Christmas- Being reborn
The Christmas season for me as an Orthodox Christian is a new challenge every year. It is the challenge of whether I am prepared to be reborn, to experience my own renaissance together with the birth of Christ.
Christmas is the second important feast day for the Orthodox Christian world, after Pascha (Easter) which rests at the basis of our faith. Yet, Christmas is closely connected to Easter, as without the birth of the Son of God the death and the resurrection would not have happened. So, in essence Christmas is celebrated in the Orthodox Church as one of God’s plans for the salvation of humanity. It is the day of remembrance of the humble endeavour of God to reach out to his most beloved creation and reconcile His relationship with humans. The Word of God, and God himself for Orthodox Christians, becomes human, in order for humans to become ‘gods’ by grace. The ‘Word becomes Flesh’, and so following the word of God does not mean using the Bible as a book of algorithms, but instead inviting the establishment of a relationship. Thus, Christmas marks the beginning of a new relationship with God that will eventually lead to his ‘theosis’ (‘divinisation’).
Every year Christmas found me celebrating with my Romanian family, back in Greece, all around a festive table with loads of traditional food, dance and joy. Christmas Eve was always the day when we were opening our door to children singing carols, to receive the ‘good news’ of Christ’s birth.
But, although I would always try my best to spiritually prepare myself to welcome the event, I had never wondered what it truly means to live Christmas. And I found the response in the hymns of the Church which are an invitation to people to celebrate the birth of Christ. ‘Christ is born, glorify Him’ says the Christmas hymn heard in every Orthodox Church around the world. ‘Today the virgin gives birth to the transcendent One’ says another. The Christian conscience therefore invites the believers to celebrate Christmas as eyewitnesses, as Christ offers himself equally to every person by inviting everybody to partake of the joy of the Magi and the shepherds to see him. Besides, what is Christmas if not a celebration of the precise events of that night in Bethlehem?

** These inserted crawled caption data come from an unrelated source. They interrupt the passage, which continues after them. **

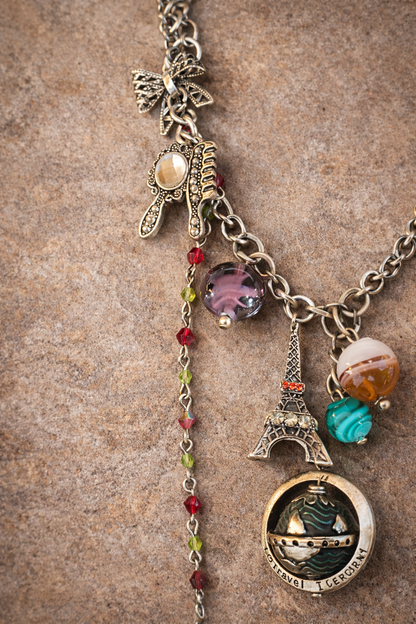 Wanderlust Charm Necklace – Eiffel Tower, Globe & Vintage Travel Treasures Statement Piece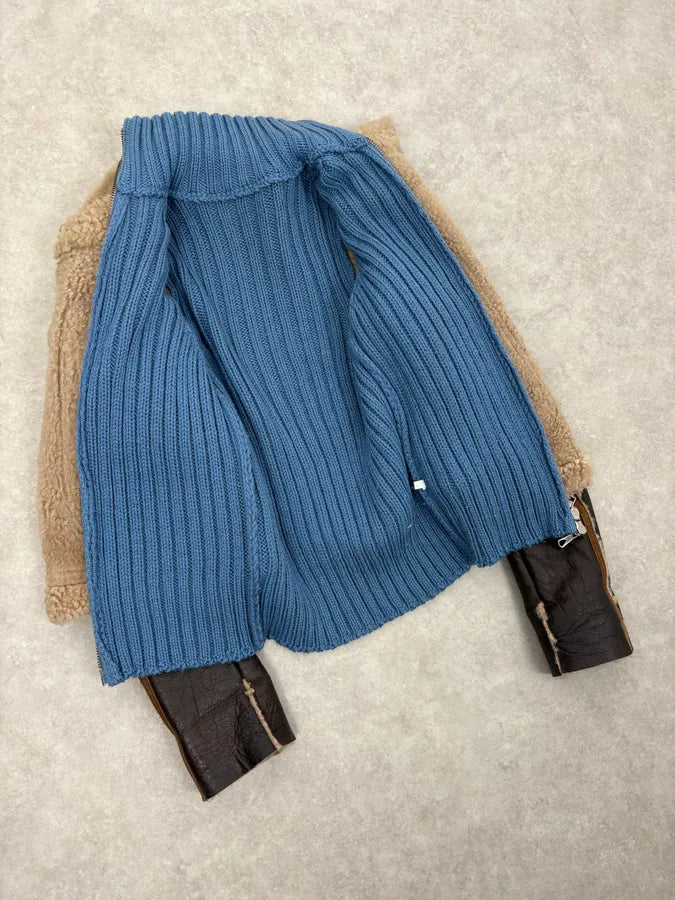 FW2002 Dsquared2 Brown Leather & Blue Wool Layered Sherling Jacket OVjJabh 7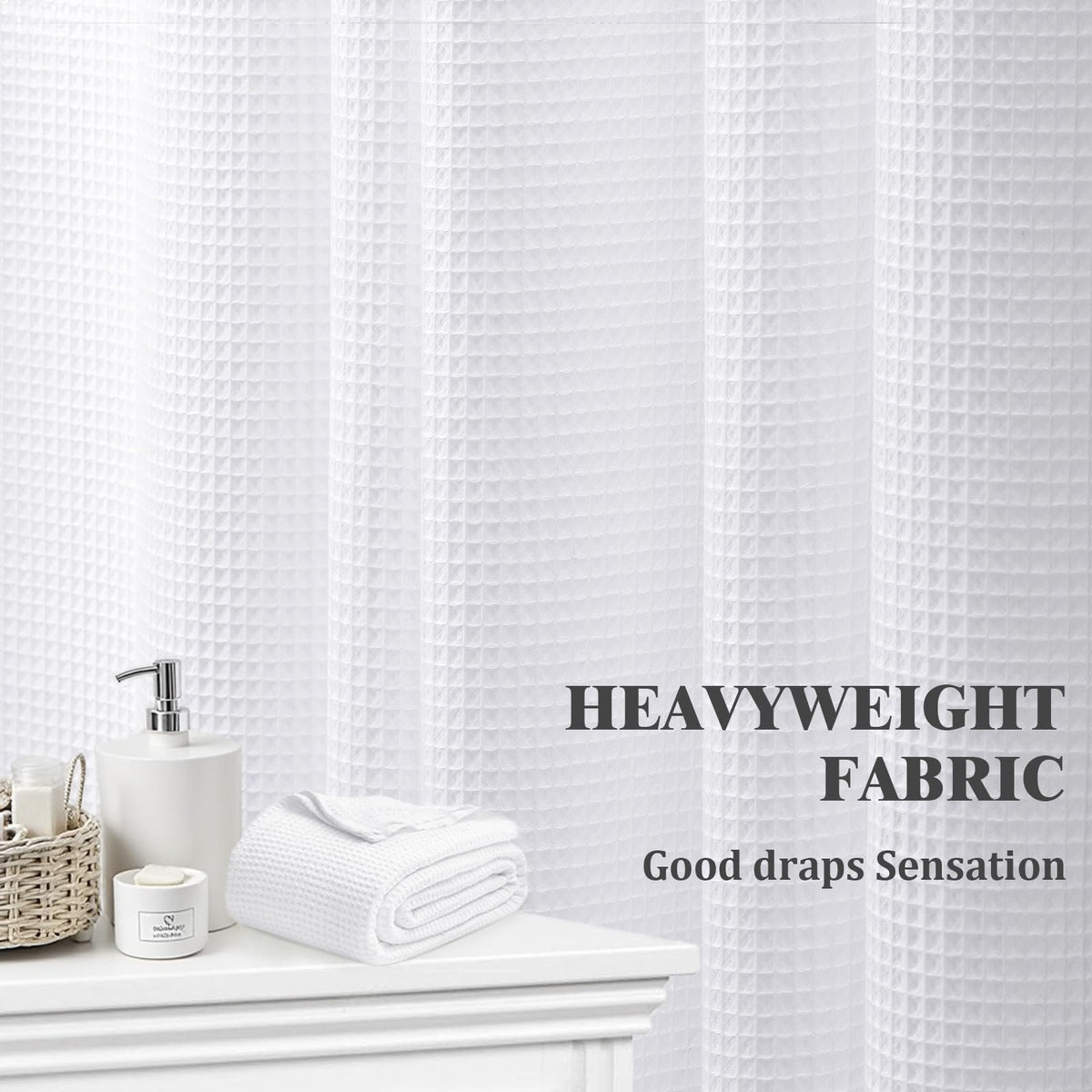 YellyHommy 72 x 72 in Waffle Weave Shower Curtain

Yet, this year I was able to better grasp the deeper meaning of the feast. As I am in my final year at university, I decided not to go back home for the Christmas holidays, so I spent Christmas Eve alone in my student room in the city centre of Newcastle, which was far from vibrant because of the day. The silence of my student room along with the desire to feel as if I am together with my family incited me to reflect upon the story of Christ’s birth and to feel the joy of ‘seeing’ him. I could not find a better way of doing this apart from kneeling before my icons, singing carols and thinking about being in the cold, but yet so warm, stable as one of the least eyewitnesses.

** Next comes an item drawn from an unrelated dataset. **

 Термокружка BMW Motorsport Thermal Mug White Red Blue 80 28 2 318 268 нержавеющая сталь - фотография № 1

Also, this year I had the chance to think more about humility. The playing fire from my vigil lamp burning by my icons reminded me of the significant positive influence Christ had on the world although his humble coming could never suggest that. In a similar way the vigil fire burns in silence and without disturbing anybody, but the light that it emits is able to light an entire room. Humility for me is an adornment and attribute for people who wish to make space in their hearts for all people, and Christ therefore is a perfect example of this. The value that I learned from this Christmas is that of the joy with which the Church surrenders us in every celebration which becomes a rotating exercise each year and invites for gradual improvement. Also, I have realised that Christ’s humility can be expressed even through a simple vigil lamp which burns in silence, and all these are embedded in a deeper understanding of the Birth of Christ.